I mainly agree with this statement and I do see theming as a means to over ~80% of “we need flexibility” concerns. That said—and maybe I’m just off on an island with this thinking—the lack of flexibility is what makes a design system. I question the value of any design system can flexes to meet all needs—mainly because that seems more like your run-of-the-mill UI framework.
Understanding the design system as critical infrastructure—not mere production support—provides the logic and permission to move deliberately in pervasive, high-stakes aspects of your product development (infrastructure) while still moving very quickly in others (product).

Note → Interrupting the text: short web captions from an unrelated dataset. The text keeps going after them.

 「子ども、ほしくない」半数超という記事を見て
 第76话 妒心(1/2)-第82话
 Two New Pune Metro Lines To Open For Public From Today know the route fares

Design systems absolutely are infrastructure. And infrastructure is typically underappreciated, and thus, underfunded. I’d argue slow-moving infrastructure is part of what makes it so valuable—imagine having to constantly re-learn our foundations of society. Things like traffic signals, language, electrical systems. How fun would it be to have new, backward incompatible electrical outlets every year? Not fun at all.
That’s the paradox of infrastructure. It (hopefully) just works and on the surface doesn’t change. It becomes invisible and thus we take it for granted. But in reality it stabilizes society and allows us to innovate. Its values is its glacial pace which in turn creates stability and predictability.
If we want our work to be accessible in five or ten or even 20 years, we need to use the web with no layers in between. For all its warts, the web has become the most resilient, portable, future-proof computing platform we’ve ever created — at least, if we build with that in mind.
I find this article related to the preceding because it displays the tension between standards and innovation. Yes, innovation is, well, innovative. But it brings with it upheaval. The short half-life of technologies/solutions means we’re always on the treadmill of keeping up with the latest—mostly for the sake of keeping up with the latest. How often are these solutions materially improving the experience we’re attempting to provide? I’d say it’s less than we’d like to believe.
Data is not a substitute for critical thinking. The test said it was successful, but the outcomes, which is what you base future decisions on, showed otherwise. The lesson here is not that A/B testing was at fault, but that running experiments is never a substitute for a vetted hypothesis.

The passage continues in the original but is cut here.